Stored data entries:
__________________________________________________

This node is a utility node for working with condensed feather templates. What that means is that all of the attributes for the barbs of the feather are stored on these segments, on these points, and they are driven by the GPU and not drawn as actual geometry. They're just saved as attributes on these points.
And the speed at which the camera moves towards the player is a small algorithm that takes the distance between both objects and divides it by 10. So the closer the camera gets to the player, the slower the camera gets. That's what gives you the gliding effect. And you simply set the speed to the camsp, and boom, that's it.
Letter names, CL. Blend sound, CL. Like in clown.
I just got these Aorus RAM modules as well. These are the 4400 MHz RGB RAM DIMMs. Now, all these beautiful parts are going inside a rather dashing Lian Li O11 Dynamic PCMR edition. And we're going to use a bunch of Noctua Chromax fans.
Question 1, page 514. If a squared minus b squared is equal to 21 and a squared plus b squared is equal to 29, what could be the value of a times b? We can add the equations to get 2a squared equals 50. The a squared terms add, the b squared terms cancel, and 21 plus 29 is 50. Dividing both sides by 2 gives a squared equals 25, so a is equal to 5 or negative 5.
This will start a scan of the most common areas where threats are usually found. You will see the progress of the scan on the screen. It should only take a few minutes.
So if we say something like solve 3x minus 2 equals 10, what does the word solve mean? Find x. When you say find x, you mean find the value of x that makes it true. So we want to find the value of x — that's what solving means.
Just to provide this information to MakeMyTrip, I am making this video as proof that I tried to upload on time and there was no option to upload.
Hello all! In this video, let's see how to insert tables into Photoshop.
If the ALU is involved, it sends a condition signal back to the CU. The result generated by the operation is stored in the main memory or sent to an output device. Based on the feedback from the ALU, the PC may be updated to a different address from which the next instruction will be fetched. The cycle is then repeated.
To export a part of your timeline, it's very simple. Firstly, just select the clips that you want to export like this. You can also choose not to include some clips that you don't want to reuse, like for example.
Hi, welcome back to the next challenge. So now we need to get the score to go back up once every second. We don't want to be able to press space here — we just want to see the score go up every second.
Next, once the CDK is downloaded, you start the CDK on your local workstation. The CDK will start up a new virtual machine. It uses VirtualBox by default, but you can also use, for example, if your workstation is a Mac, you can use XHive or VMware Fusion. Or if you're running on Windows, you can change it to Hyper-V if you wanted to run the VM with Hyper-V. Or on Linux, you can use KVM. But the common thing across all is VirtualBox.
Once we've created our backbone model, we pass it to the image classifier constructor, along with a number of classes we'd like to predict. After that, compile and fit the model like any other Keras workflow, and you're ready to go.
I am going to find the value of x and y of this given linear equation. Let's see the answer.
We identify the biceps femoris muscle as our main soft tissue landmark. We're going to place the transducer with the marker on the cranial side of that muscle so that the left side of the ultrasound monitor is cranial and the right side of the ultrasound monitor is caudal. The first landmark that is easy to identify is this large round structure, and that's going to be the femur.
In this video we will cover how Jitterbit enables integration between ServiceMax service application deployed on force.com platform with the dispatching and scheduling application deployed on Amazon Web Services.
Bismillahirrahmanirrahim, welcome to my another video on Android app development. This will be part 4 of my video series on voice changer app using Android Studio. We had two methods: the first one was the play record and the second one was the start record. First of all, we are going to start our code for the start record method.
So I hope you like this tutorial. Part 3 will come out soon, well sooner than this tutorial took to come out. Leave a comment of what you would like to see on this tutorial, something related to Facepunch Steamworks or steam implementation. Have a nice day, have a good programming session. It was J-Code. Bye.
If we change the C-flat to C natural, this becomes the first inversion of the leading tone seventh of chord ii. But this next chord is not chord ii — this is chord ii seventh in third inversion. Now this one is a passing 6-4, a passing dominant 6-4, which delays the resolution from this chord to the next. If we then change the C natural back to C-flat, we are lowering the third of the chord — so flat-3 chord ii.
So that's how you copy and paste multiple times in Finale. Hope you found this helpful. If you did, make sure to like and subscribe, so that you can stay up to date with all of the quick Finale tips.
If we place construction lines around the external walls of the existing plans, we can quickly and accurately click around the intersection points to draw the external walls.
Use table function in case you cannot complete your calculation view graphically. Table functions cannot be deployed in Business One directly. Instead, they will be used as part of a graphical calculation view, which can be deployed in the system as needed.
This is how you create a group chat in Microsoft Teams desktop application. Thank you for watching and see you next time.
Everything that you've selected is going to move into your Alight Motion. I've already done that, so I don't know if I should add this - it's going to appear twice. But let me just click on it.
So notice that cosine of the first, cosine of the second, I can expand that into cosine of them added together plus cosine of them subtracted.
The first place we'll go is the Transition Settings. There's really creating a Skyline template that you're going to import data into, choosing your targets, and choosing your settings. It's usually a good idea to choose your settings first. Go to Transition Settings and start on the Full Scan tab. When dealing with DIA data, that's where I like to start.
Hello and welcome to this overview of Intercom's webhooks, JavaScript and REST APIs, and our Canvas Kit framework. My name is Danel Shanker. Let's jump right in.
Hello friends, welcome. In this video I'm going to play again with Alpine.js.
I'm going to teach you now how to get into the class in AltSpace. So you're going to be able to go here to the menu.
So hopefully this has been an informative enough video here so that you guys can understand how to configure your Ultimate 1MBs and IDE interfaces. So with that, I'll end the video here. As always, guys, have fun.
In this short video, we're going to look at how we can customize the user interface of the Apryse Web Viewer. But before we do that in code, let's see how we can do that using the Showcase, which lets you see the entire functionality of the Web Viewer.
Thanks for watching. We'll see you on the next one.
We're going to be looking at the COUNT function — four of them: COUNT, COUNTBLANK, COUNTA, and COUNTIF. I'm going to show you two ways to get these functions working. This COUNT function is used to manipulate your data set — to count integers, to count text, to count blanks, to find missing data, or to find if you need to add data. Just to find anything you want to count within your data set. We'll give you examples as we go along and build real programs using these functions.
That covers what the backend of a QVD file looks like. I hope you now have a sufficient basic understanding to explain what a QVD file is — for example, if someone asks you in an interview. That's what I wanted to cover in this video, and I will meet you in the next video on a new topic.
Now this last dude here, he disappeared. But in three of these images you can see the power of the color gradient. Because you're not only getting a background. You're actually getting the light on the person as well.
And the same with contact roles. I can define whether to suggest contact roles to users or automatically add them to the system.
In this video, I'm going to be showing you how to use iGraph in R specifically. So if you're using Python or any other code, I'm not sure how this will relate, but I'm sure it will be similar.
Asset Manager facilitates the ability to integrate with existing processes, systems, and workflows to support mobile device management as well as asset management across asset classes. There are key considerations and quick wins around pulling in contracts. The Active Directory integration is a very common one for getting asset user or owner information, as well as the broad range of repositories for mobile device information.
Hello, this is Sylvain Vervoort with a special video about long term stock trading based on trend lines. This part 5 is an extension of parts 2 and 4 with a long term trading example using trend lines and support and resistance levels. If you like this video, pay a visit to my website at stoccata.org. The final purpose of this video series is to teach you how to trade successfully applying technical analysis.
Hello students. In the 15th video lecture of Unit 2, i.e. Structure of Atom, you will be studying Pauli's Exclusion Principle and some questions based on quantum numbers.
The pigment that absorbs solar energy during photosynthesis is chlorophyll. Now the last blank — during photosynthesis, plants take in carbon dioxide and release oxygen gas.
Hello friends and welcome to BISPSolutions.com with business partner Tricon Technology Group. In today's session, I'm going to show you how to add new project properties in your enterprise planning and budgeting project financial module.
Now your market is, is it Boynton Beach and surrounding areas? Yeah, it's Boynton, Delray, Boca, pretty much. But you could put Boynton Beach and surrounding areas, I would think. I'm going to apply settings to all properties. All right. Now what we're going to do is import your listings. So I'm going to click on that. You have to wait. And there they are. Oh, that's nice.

__________________________________________________

TASK BRIEF - All of the data above should be reproduced exactly.

ANSWER SECTION -
This node is a utility node for working with condensed feather templates. What that means is that all of the attributes for the barbs of the feather are stored on these segments, on these points, and they are driven by the GPU and not drawn as actual geometry. They're just saved as attributes on these points.
And the speed at which the camera moves towards the player is a small algorithm that takes the distance between both objects and divides it by 10. So the closer the camera gets to the player, the slower the camera gets. That's what gives you the gliding effect. And you simply set the speed to the camsp, and boom, that's it.
Letter names, CL. Blend sound, CL. Like in clown.
I just got these Aorus RAM modules as well. These are the 4400 MHz RGB RAM DIMMs. Now, all these beautiful parts are going inside a rather dashing Lian Li O11 Dynamic PCMR edition. And we're going to use a bunch of Noctua Chromax fans.
Question 1, page 514. If a squared minus b squared is equal to 21 and a squared plus b squared is equal to 29, what could be the value of a times b? We can add the equations to get 2a squared equals 50. The a squared terms add, the b squared terms cancel, and 21 plus 29 is 50. Dividing both sides by 2 gives a squared equals 25, so a is equal to 5 or negative 5.
This will start a scan of the most common areas where threats are usually found. You will see the progress of the scan on the screen. It should only take a few minutes.
So if we say something like solve 3x minus 2 equals 10, what does the word solve mean? Find x. When you say find x, you mean find the value of x that makes it true. So we want to find the value of x — that's what solving means.
Just to provide this information to MakeMyTrip, I am making this video as proof that I tried to upload on time and there was no option to upload.
Hello all! In this video, let's see how to insert tables into Photoshop.
If the ALU is involved, it sends a condition signal back to the CU. The result generated by the operation is stored in the main memory or sent to an output device. Based on the feedback from the ALU, the PC may be updated to a different address from which the next instruction will be fetched. The cycle is then repeated.
To export a part of your timeline, it's very simple. Firstly, just select the clips that you want to export like this. You can also choose not to include some clips that you don't want to reuse, like for example.
Hi, welcome back to the next challenge. So now we need to get the score to go back up once every second. We don't want to be able to press space here — we just want to see the score go up every second.
Next, once the CDK is downloaded, you start the CDK on your local workstation. The CDK will start up a new virtual machine. It uses VirtualBox by default, but you can also use, for example, if your workstation is a Mac, you can use XHive or VMware Fusion. Or if you're running on Windows, you can change it to Hyper-V if you wanted to run the VM with Hyper-V. Or on Linux, you can use KVM. But the common thing across all is VirtualBox.
Once we've created our backbone model, we pass it to the image classifier constructor, along with a number of classes we'd like to predict. After that, compile and fit the model like any other Keras workflow, and you're ready to go.
I am going to find the value of x and y of this given linear equation. Let's see the answer.
We identify the biceps femoris muscle as our main soft tissue landmark. We're going to place the transducer with the marker on the cranial side of that muscle so that the left side of the ultrasound monitor is cranial and the right side of the ultrasound monitor is caudal. The first landmark that is easy to identify is this large round structure, and that's going to be the femur.
In this video we will cover how Jitterbit enables integration between ServiceMax service application deployed on force.com platform with the dispatching and scheduling application deployed on Amazon Web Services.
Bismillahirrahmanirrahim, welcome to my another video on Android app development. This will be part 4 of my video series on voice changer app using Android Studio. We had two methods: the first one was the play record and the second one was the start record. First of all, we are going to start our code for the start record method.
So I hope you like this tutorial. Part 3 will come out soon, well sooner than this tutorial took to come out. Leave a comment of what you would like to see on this tutorial, something related to Facepunch Steamworks or steam implementation. Have a nice day, have a good programming session. It was J-Code. Bye.
If we change the C-flat to C natural, this becomes the first inversion of the leading tone seventh of chord ii. But this next chord is not chord ii — this is chord ii seventh in third inversion. Now this one is a passing 6-4, a passing dominant 6-4, which delays the resolution from this chord to the next. If we then change the C natural back to C-flat, we are lowering the third of the chord — so flat-3 chord ii.
So that's how you copy and paste multiple times in Finale. Hope you found this helpful. If you did, make sure to like and subscribe, so that you can stay up to date with all of the quick Finale tips.
If we place construction lines around the external walls of the existing plans, we can quickly and accurately click around the intersection points to draw the external walls.
Use table function in case you cannot complete your calculation view graphically. Table functions cannot be deployed in Business One directly. Instead, they will be used as part of a graphical calculation view, which can be deployed in the system as needed.
This is how you create a group chat in Microsoft Teams desktop application. Thank you for watching and see you next time.
Everything that you've selected is going to move into your Alight Motion. I've already done that, so I don't know if I should add this - it's going to appear twice. But let me just click on it.
So notice that cosine of the first, cosine of the second, I can expand that into cosine of them added together plus cosine of them subtracted.
The first place we'll go is the Transition Settings. There's really creating a Skyline template that you're going to import data into, choosing your targets, and choosing your settings. It's usually a good idea to choose your settings first. Go to Transition Settings and start on the Full Scan tab. When dealing with DIA data, that's where I like to start.
Hello and welcome to this overview of Intercom's webhooks, JavaScript and REST APIs, and our Canvas Kit framework. My name is Danel Shanker. Let's jump right in.
Hello friends, welcome. In this video I'm going to play again with Alpine.js.
I'm going to teach you now how to get into the class in AltSpace. So you're going to be able to go here to the menu.
So hopefully this has been an informative enough video here so that you guys can understand how to configure your Ultimate 1MBs and IDE interfaces. So with that, I'll end the video here. As always, guys, have fun.
In this short video, we're going to look at how we can customize the user interface of the Apryse Web Viewer. But before we do that in code, let's see how we can do that using the Showcase, which lets you see the entire functionality of the Web Viewer.
Thanks for watching. We'll see you on the next one.
We're going to be looking at the COUNT function — four of them: COUNT, COUNTBLANK, COUNTA, and COUNTIF. I'm going to show you two ways to get these functions working. This COUNT function is used to manipulate your data set — to count integers, to count text, to count blanks, to find missing data, or to find if you need to add data. Just to find anything you want to count within your data set. We'll give you examples as we go along and build real programs using these functions.
That covers what the backend of a QVD file looks like. I hope you now have a sufficient basic understanding to explain what a QVD file is — for example, if someone asks you in an interview. That's what I wanted to cover in this video, and I will meet you in the next video on a new topic.
Now this last dude here, he disappeared. But in three of these images you can see the power of the color gradient. Because you're not only getting a background. You're actually getting the light on the person as well.
And the same with contact roles. I can define whether to suggest contact roles to users or automatically add them to the system.
In this video, I'm going to be showing you how to use iGraph in R specifically. So if you're using Python or any other code, I'm not sure how this will relate, but I'm sure it will be similar.
Asset Manager facilitates the ability to integrate with existing processes, systems, and workflows to support mobile device management as well as asset management across asset classes. There are key considerations and quick wins around pulling in contracts. The Active Directory integration is a very common one for getting asset user or owner information, as well as the broad range of repositories for mobile device information.
Hello, this is Sylvain Vervoort with a special video about long term stock trading based on trend lines. This part 5 is an extension of parts 2 and 4 with a long term trading example using trend lines and support and resistance levels. If you like this video, pay a visit to my website at stoccata.org. The final purpose of this video series is to teach you how to trade successfully applying technical analysis.
Hello students. In the 15th video lecture of Unit 2, i.e. Structure of Atom, you will be studying Pauli's Exclusion Principle and some questions based on quantum numbers.
The pigment that absorbs solar energy during photosynthesis is chlorophyll. Now the last blank — during photosynthesis, plants take in carbon dioxide and release oxygen gas.
Hello friends and welcome to BISPSolutions.com with business partner Tricon Technology Group. In today's session, I'm going to show you how to add new project properties in your enterprise planning and budgeting project financial module.
Now your market is, is it Boynton Beach and surrounding areas? Yeah, it's Boynton, Delray, Boca, pretty much. But you could put Boynton Beach and surrounding areas, I would think. I'm going to apply settings to all properties. All right. Now what we're going to do is import your listings. So I'm going to click on that. You have to wait. And there they are. Oh, that's nice.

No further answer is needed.